KUCHING: Analysts are generally still optimistic on MMC Corporation Bhd (MMC) and Gamuda Bhd (Gamuda) despite the federal government recently terminating the MMC-Gamuda joint venture (JV) as the main contractor for the tunnelling works of Mass Transit Line 2 (MRT2).

The research arm of MIDF Amanah Investment Bank Bhd (MIDF Research) was negatively surprised by this latest development on the MRT2 as it did not foresee cancellations for the on-going construction project.

“Following the contract termination of MRT2 underground works for MMC-Gamuda and the 23 per cent reduction for the remaining underground works, the effective remaining orderbook for MMC hovers below RM10 billion from RM14.9 billion previously,” it said.

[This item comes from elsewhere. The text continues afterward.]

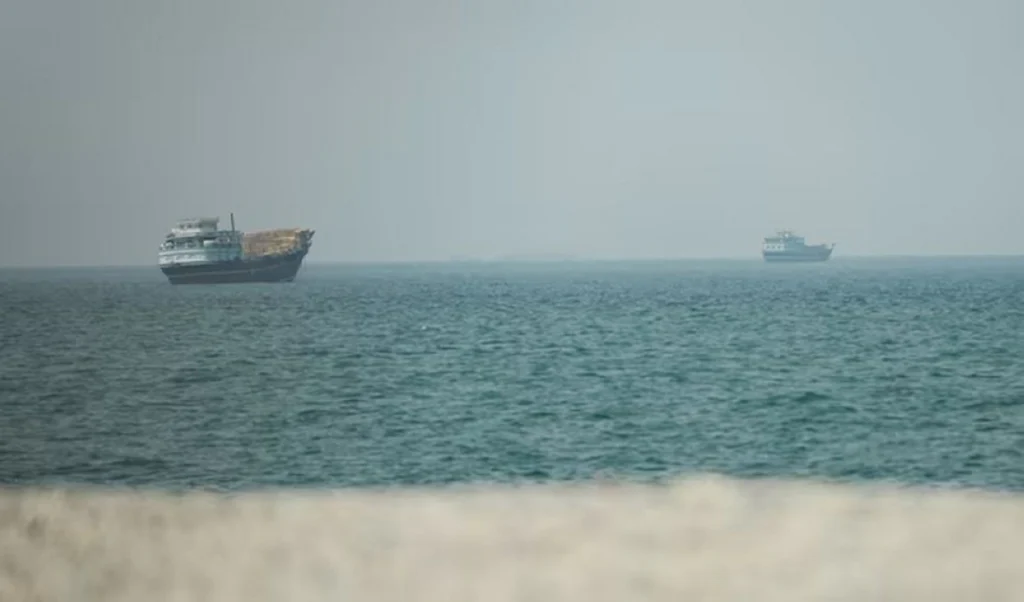 Renewed US-Iran strikes bring Hormuz tanker traffic close to a halt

For Gamuda, MIDF Research is expecting about eight per cent to 11 per cent of potential earnings reduction for every quarter in financial year 2019 to 2022 (FY19-20-21-22) to the tune of RM24 million to RM26 million.

Cumulatively, this accounted for 11 per cent and 13 per cent of the research arm’s and consensus full year 2019 estimates.

It noted that the underground portion of MRT2 contract carries an outstanding orderbook value of RM5.6 billion, with project completion spans until May 2022.

“On top of this, we understand that the above-ground contract value has been reduced by 23 per cent, with the JV’s previous role as a project delivery partner (PDP) has now switched to a turnkey contractor.

“Based on the new remaining contract value of RM4.4 billion, we are estimating a full year net profit contribution of RM55 million to Gamuda.

“It is notable that this is a reduction of 29.9 per cent from the previous contract.”

However, MIDF Research highlighted that an advantage of being a turnkey contractor is that MMC-Gamuda would be able to participate in the re-tendering process of the underground works.

The research arm viewed that MMC-Gamuda would stand a fair chance of succeeding in the next bid given the JV’s expertise demonstrated in past projects, albeit at a more competitive value.

“We are not ruling out the possibility of Gamuda and MMC to participate in the retendering process, if an agreement is reached.

“Assuming that both entities are able to reduce cost, we believe the outcome will be positive,” MIDF Research said.

While the abovementioned matter is a drag on earnings, MIDF Research opined that MMC’s profitability will be buttressed by the group’s ports segment as highlighted in its previous note on September 26, 2018.

The research arm recalled that MMC is the largest port operating group in Malaysia with a 58 per cent market share of the nation’s container market.

MIDF Research was also still upbeat on Gamuda’s earnings growth prospect based on the group’s strong orderbook and healthy contribution in the property segment.

“On the property segment, we remain optimistic on its medium term outlook predicated on the completion of construction works at 661 Chapel Street, Australia and potential of better take-up rates in the domestic market.”

Interestingly, MMC-Gamuda’s joint media statement on October 8 revealed that the JV had so far not received any communication nor notification from MRT Corp, the counter party to the award of the project.

“Thus, there has been no official confirmation from MRT Corp that MMC Gamuda has been terminated as underground contractor,” the JV said.